DATASET SECTION:

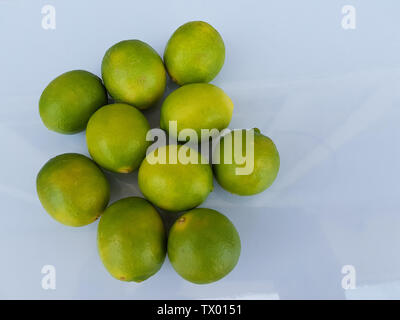 Fresche e mature isolato limes sfondo, mazzo di fresco verde lime. Foto Stock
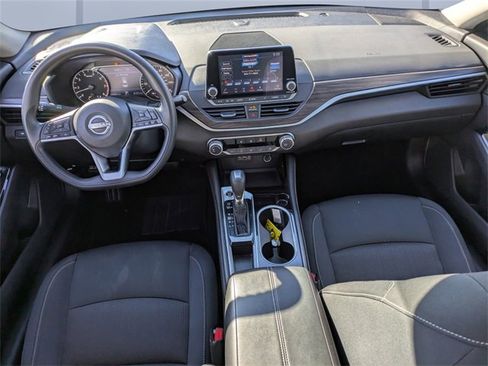 Used 2023 Nissan Altima 2.5 SV image 14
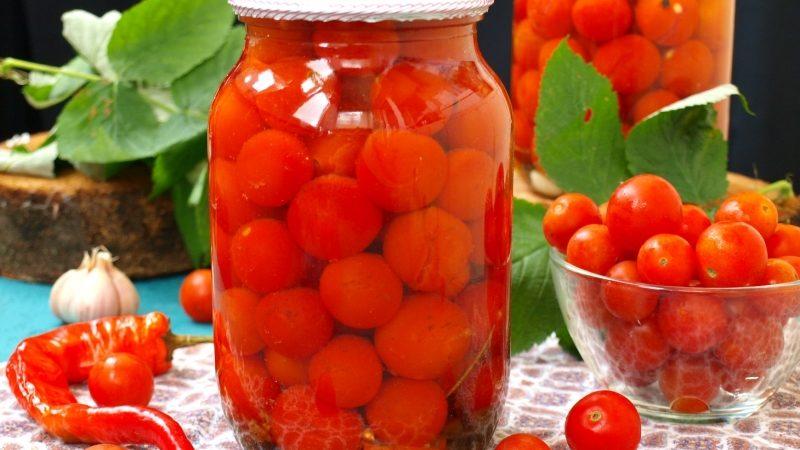 Die leckersten Rezepte für Kirschtomaten in Dosen: die besten Vorbereitungen für den Winter aus Miniaturtomaten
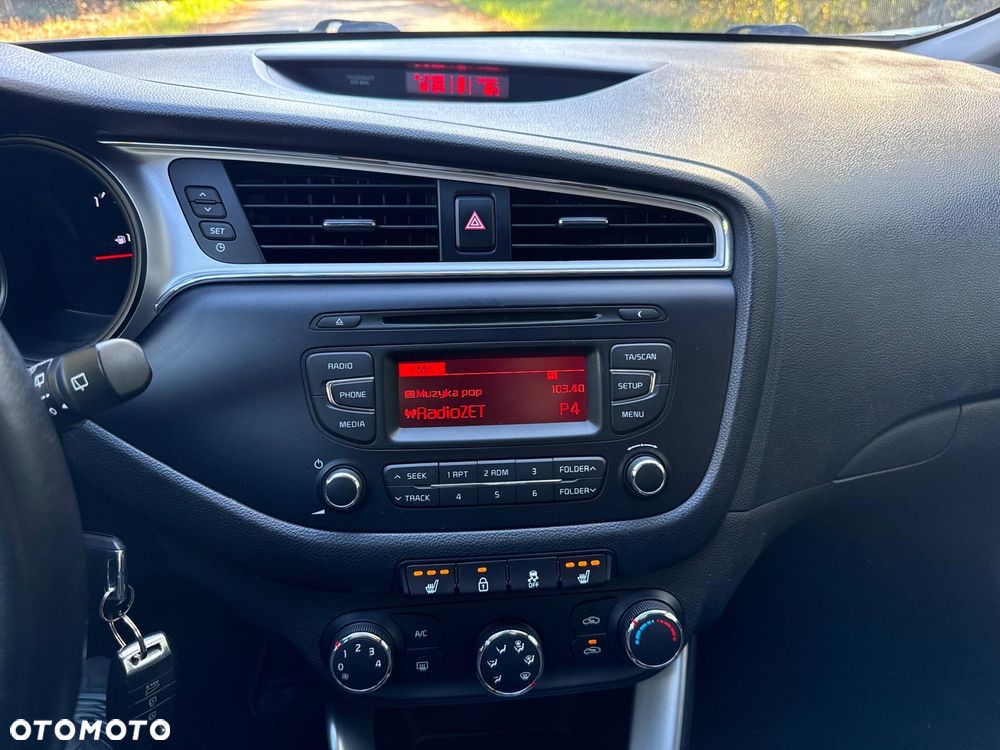 Kia Ceed 1.4 CVVT Dream-Team Edition - 13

YOUR ASSIGNMENT:
Each line from the one with "Die leckersten Rezepte" to the final line of the data above is to be printed exactly; no picture should appear in the copy.

OUTPUT OF THE TASK:
 Die leckersten Rezepte für Kirschtomaten in Dosen: die besten Vorbereitungen für den Winter aus Miniaturtomaten
 Kia Ceed 1.4 CVVT Dream-Team Edition - 13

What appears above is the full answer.